## Directions:
Setting pictures aside, output exactly the lines from the start of the records to the line with "Building Photo - 9708 E Vía Linda", that line included.

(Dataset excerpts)
▼
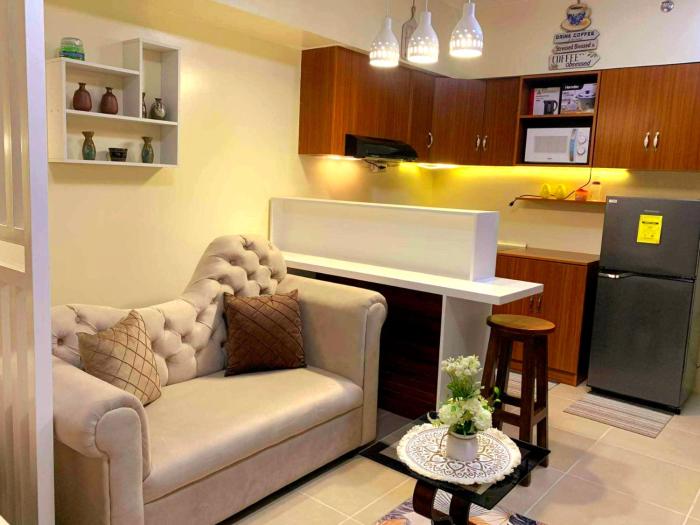 Lightroom Tagaytay Serin East with Taal view & Wi-Fi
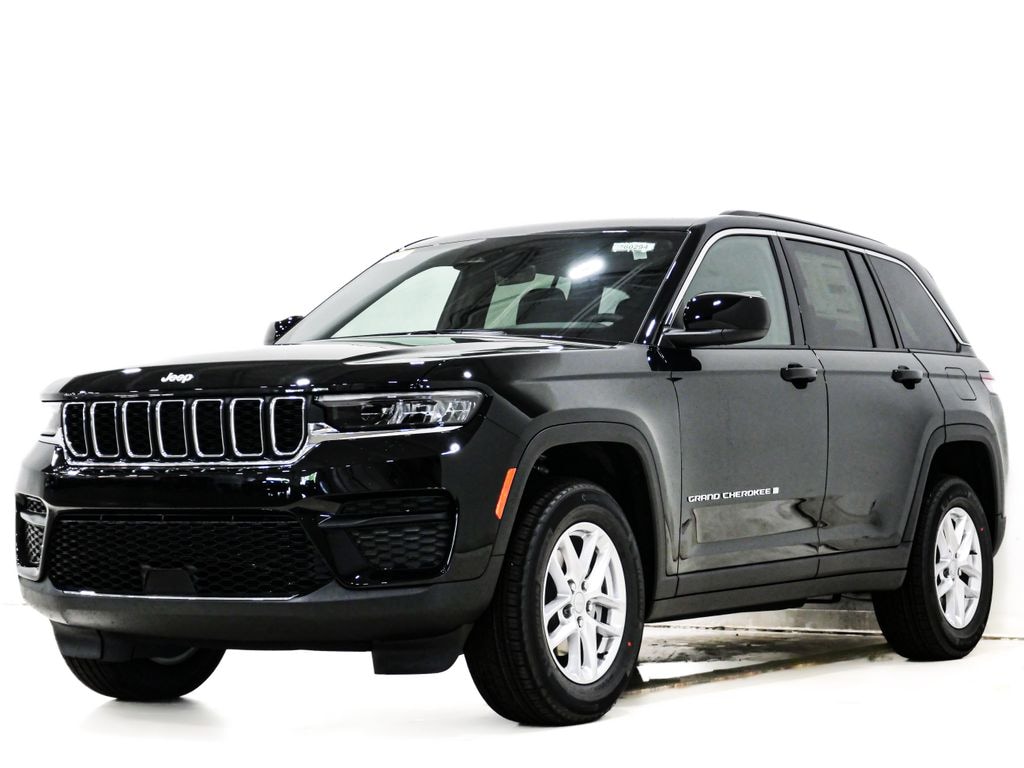 New 2026 Jeep Grand Cherokee LAREDO X 4X4 Sport Utility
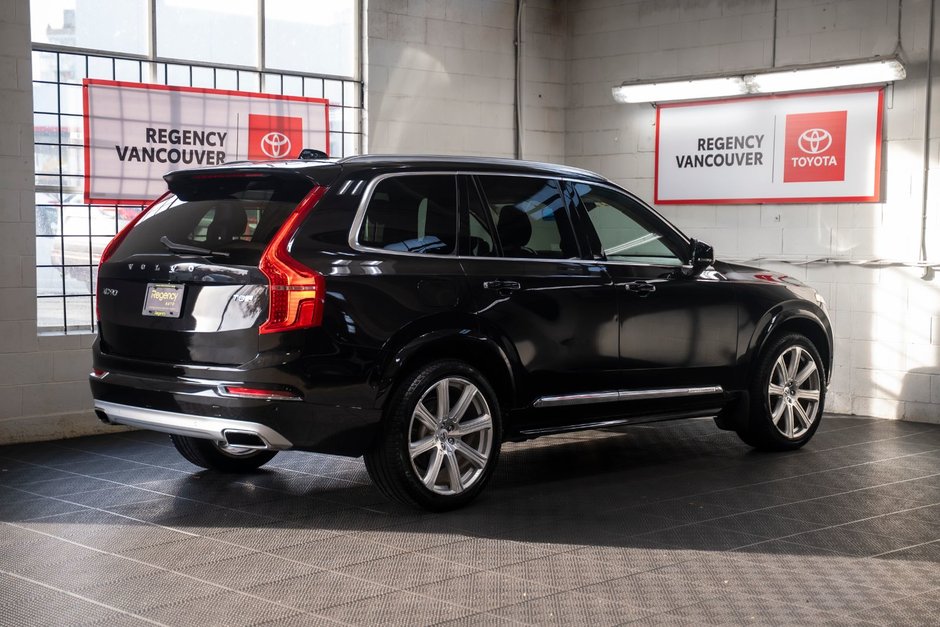 2017 Volvo XC90 T8 Inscription-14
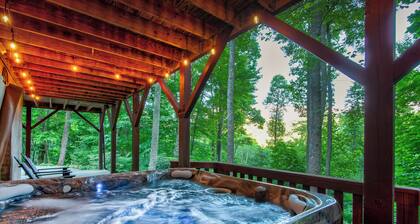 Carolina Charm - Hot Tub - Pool Table - Fire Pit-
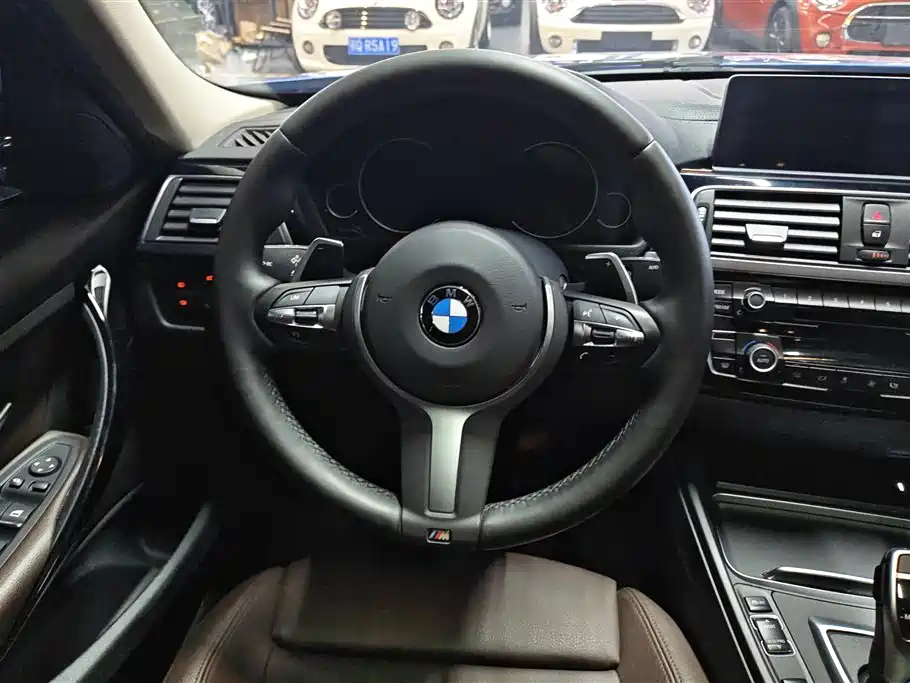BMW 3 Series 2019 — фото 15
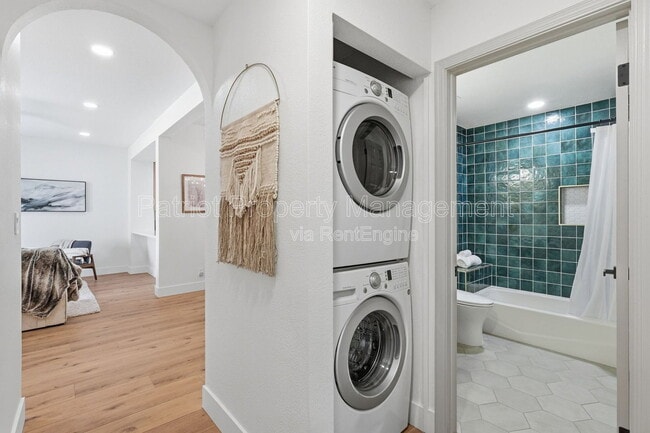 Building Photo - 9708 E Vía Linda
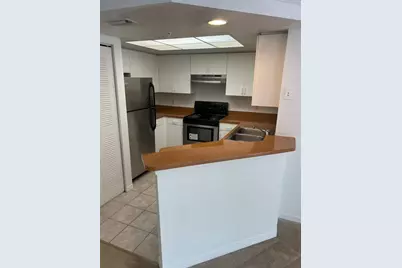 4177 N Haverhill Road #810, West Palm Beach, FL 33417 - Photo 13
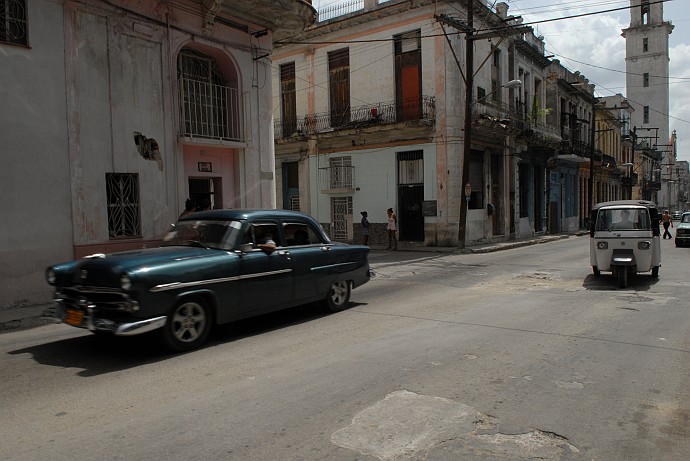 Automobile e ape - Fotografia della Havana - Cuba 2010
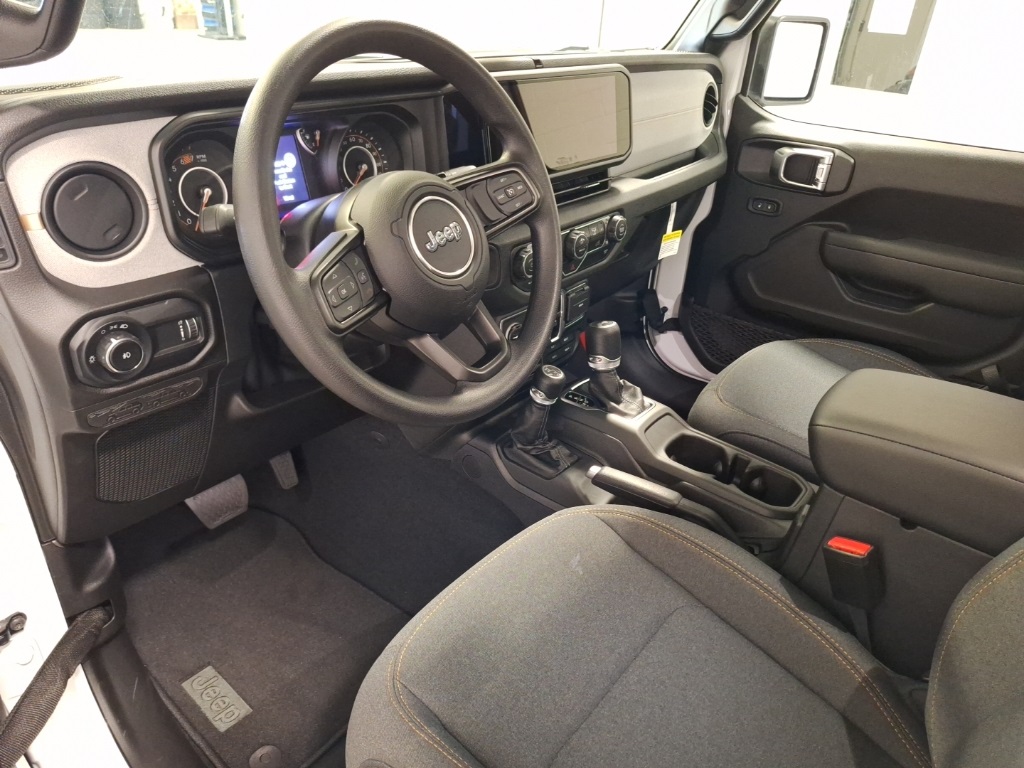 new 2025 Jeep Wrangler car, priced at $52,533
▲
## Result of the task:
 Lightroom Tagaytay Serin East with Taal view & Wi-Fi
 New 2026 Jeep Grand Cherokee LAREDO X 4X4 Sport Utility
 2017 Volvo XC90 T8 Inscription-14
 Carolina Charm - Hot Tub - Pool Table - Fire Pit-
BMW 3 Series 2019 — фото 15
 Building Photo - 9708 E Vía Linda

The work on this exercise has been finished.